The task:
Return the line containing "3A1 Ependymoma, anaplastic (Case 3) 2.jpg" together with every later line up to the end of the records, exactly and with no pictures; return nothing else.
═══
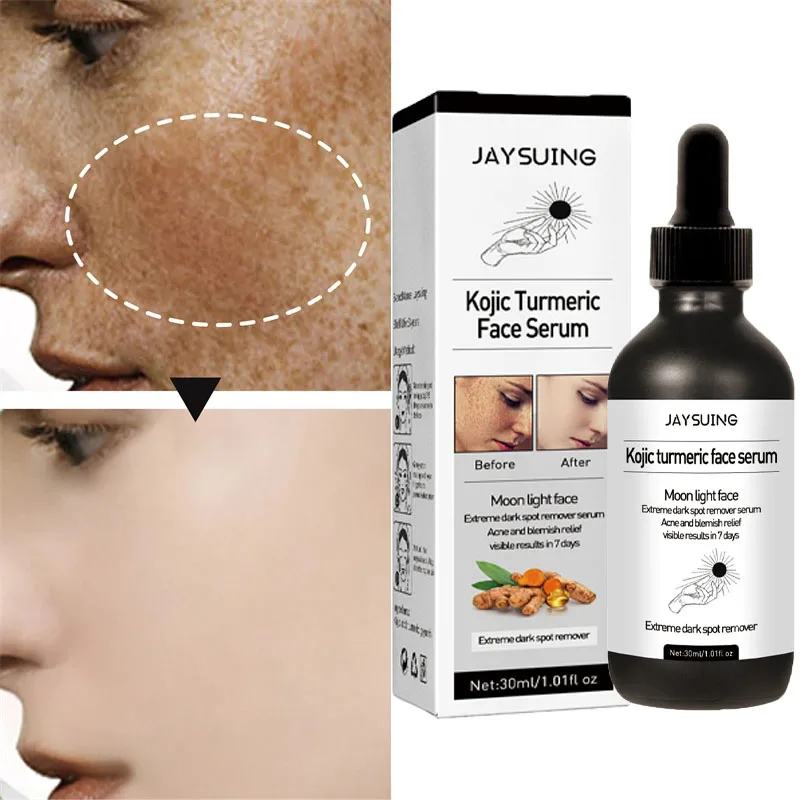 

Turmeric Freckle Whitening Serum Curcumin Oil Fade Dark Spot Remove Pigment Improve Dull Melanin Corrector Beauty Face Skin Care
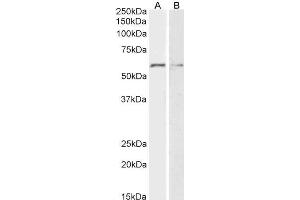 ABIN5539533 (2µg/ml) staining of HeLa (A) and K562 (B) lysates (35µg protein in RIPA buffer). (GPC1 抗体  (Internal Region))
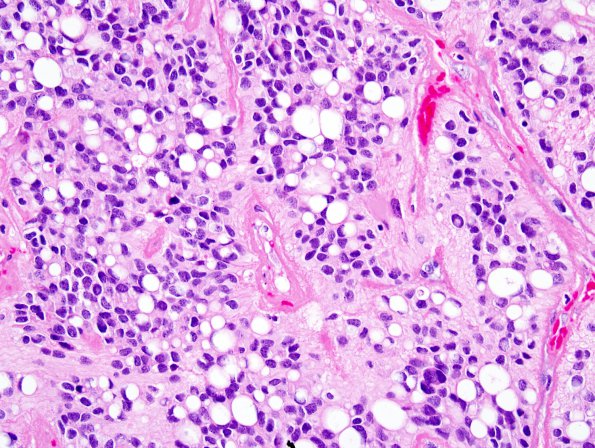 3A1 Ependymoma, anaplastic (Case 3) 2.jpg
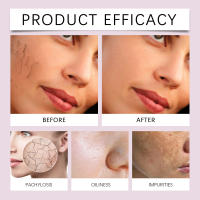 Mascarilla facial reafirmante hidratante profunda exfoliante suave de colágeno - details 11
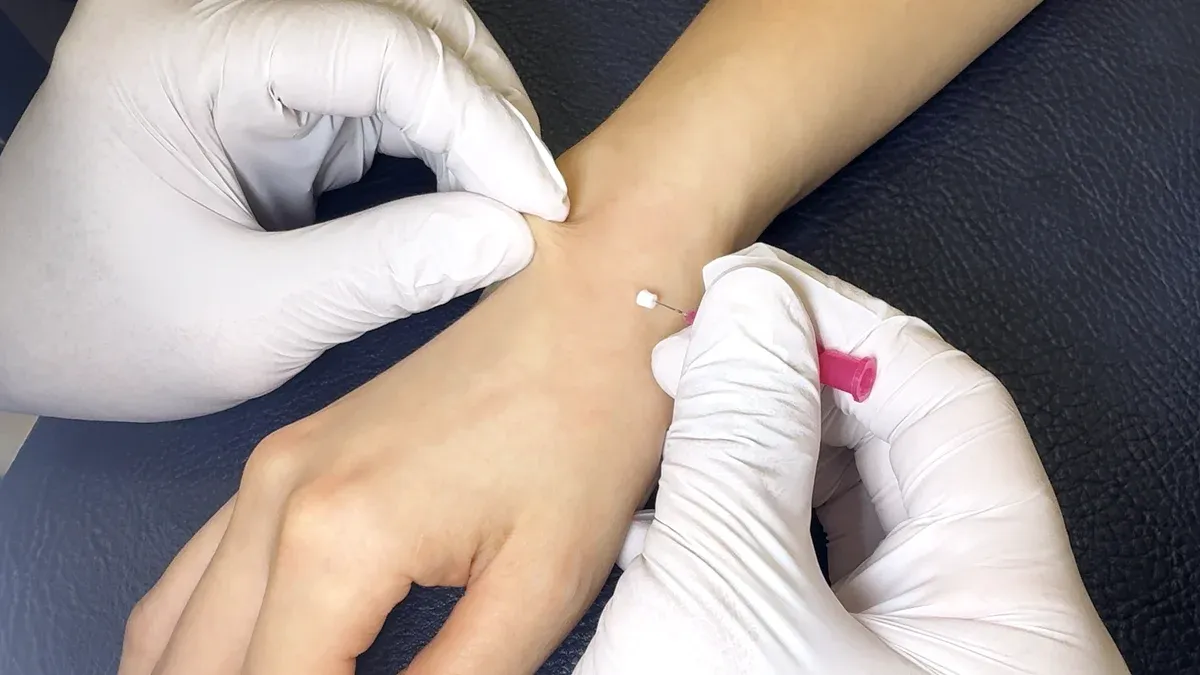 손목 주변에 매선치료를 시행하는 모습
═══
Output of the exercise:
 3A1 Ependymoma, anaplastic (Case 3) 2.jpg
 Mascarilla facial reafirmante hidratante profunda exfoliante suave de colágeno - details 11
 손목 주변에 매선치료를 시행하는 모습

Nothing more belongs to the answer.